It may be ironic that the first book I’ve read by Christopher Hitchens is his last: “Mortality,” a short memoir of his fatal encounter with esophageal cancer. Beginning with his diagnosis and ending, abruptly, with some unfinished jottings (followed by an afterward from his wife, Carol Blue), “Mortality” offers a touching look at one man’s struggle with illness and the approach of death.

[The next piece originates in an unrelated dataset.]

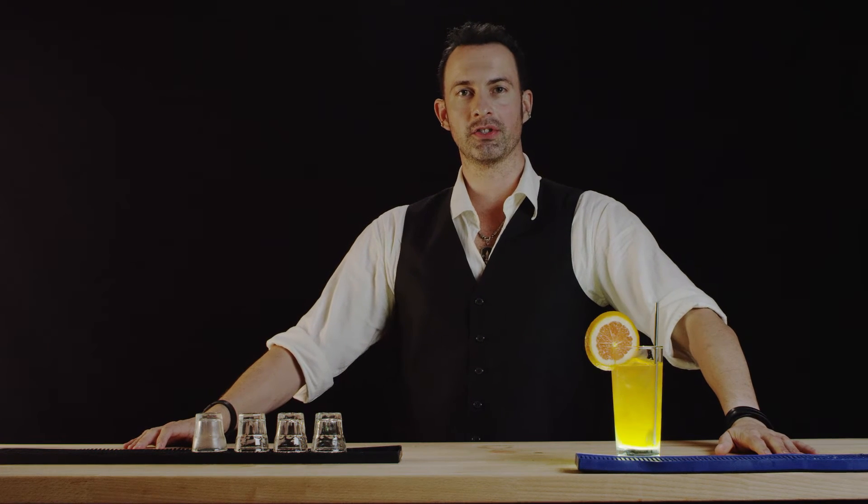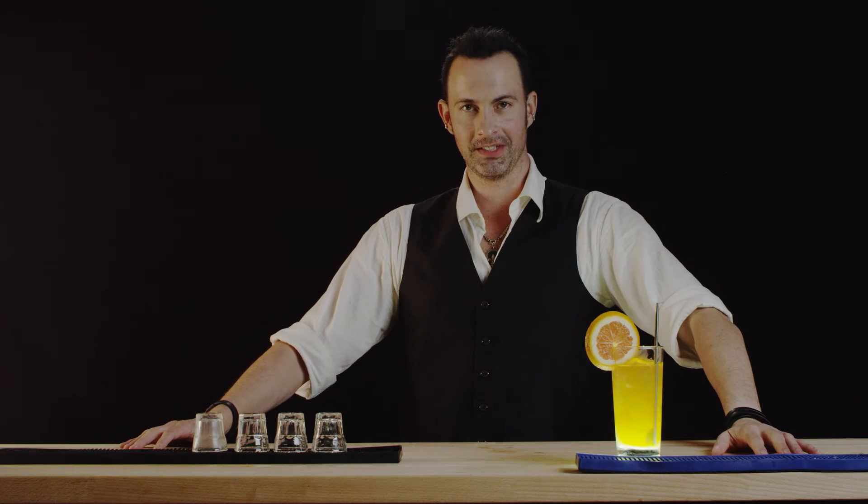Thanks for watching Best Drink Recipes. I'm Eliya. See you next drink.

Hitchens is not just any man. As a long-professed anti-theist, public intellectual, and best-selling author of “God is Not Great: How Religion Poisons Everything,” he dismissed both the assertions of others that he’d convert on his deathbed and the well-intentioned promises to pray on his behalf. As he wrote:
Of the astonishing and flattering number of people who wrote to me when I fell so ill, very few failed to say one of two things. Either they assured me that they wouldn’t offend me by offering prayers or they tenderly insisted that they would pray anyway. Devotional websites consecrated special space to the question.
“Mortality” Offers Calm Look at Death
As someone whose view of Hitchens as an angry, combative figure has been absorbed through second- and third-hand sources, “Mortality” was unexpectedly calm, honest and revelatory. The only angry words were those from Hitchens’ detractors, including such virulent assertions as: “Who else feels Christopher Hitchens getting terminal throat cancer [sic] was God’s revenge for him using his voice to blaspheme him?” Instead, Hitchens described the horrors and indignities of cancer in humorous, even poetic terms — stating, for example, that the experience of chemotherapy leaves one “swamped with passivity and impotent: dissolving in powerlessness like a sugar lump in water.”

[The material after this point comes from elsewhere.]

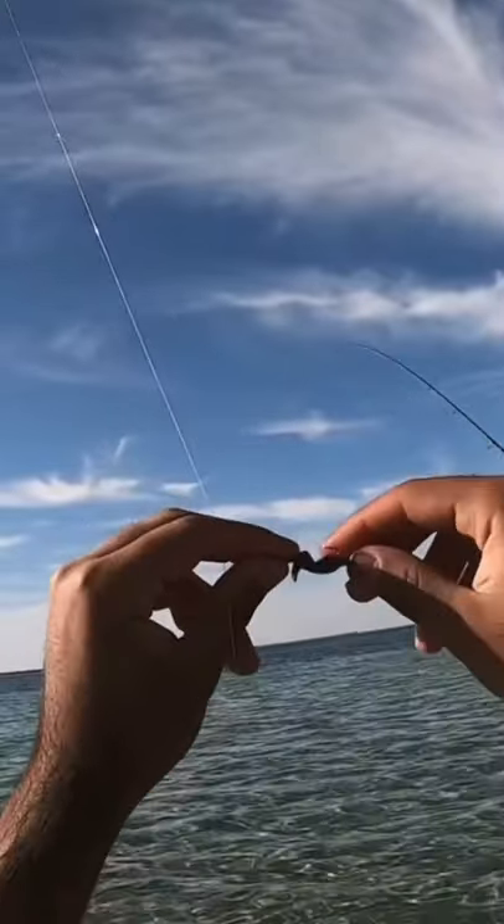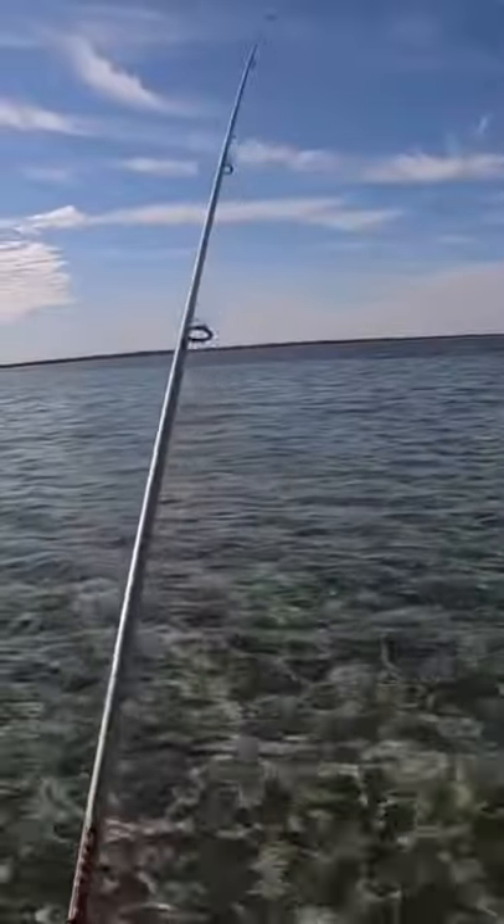Welcome to Fishing Adventures Part 1. I started off with tying a bloodworm to a size A hook, threw it in the water, and then this happened.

Individuals undergoing chemotherapy or dealing with Stage 4 cancer may take heart from Hitchens’ honesty about the daily issues, desires, and challenges involved. He described grasping for hope at cutting-edge treatments, such as a new “immunotherapy protocol” for which he did not qualify. He noted the exhaustion that came from insensitive conversations and the small, daily sufferings such as mouth ulcers or peripheral neuropathy. He acknowledged the enticement of his day’s “real event” — the arrival of his painkiller.

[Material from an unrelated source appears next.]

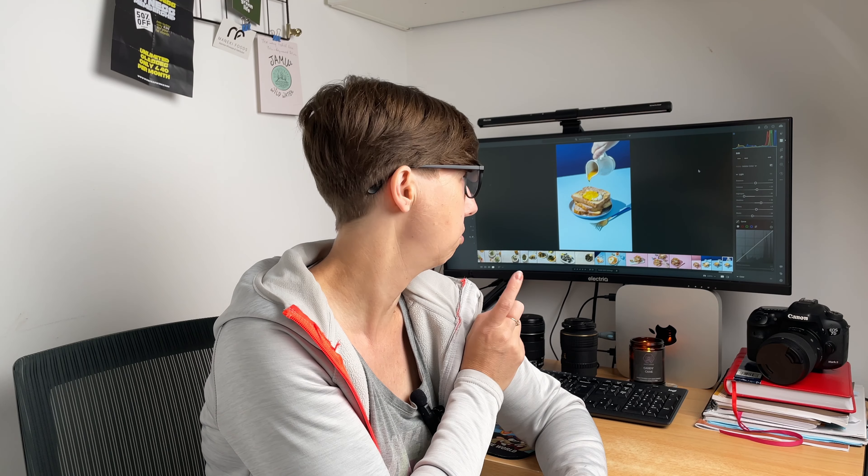But now back to today's topic — how I edit this photo, with a focus on noise reduction and making the photo more sharp. Let's go!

Hitchens was provocative. He was comfortable in his own skin. And even as he assured us that he had no use for religion, there was something about his ongoing debate with the religious world — whether with theologians and scholars, fans and detractors or his own brother — that has a sense of faith to it: faith in anti-theism, faith in himself. Whatever happened after his death of pneumonia at 62, the author who graced us with “Mortality,” and many other books, has left the world a more interesting, debate-worthy and intellectually challenging place.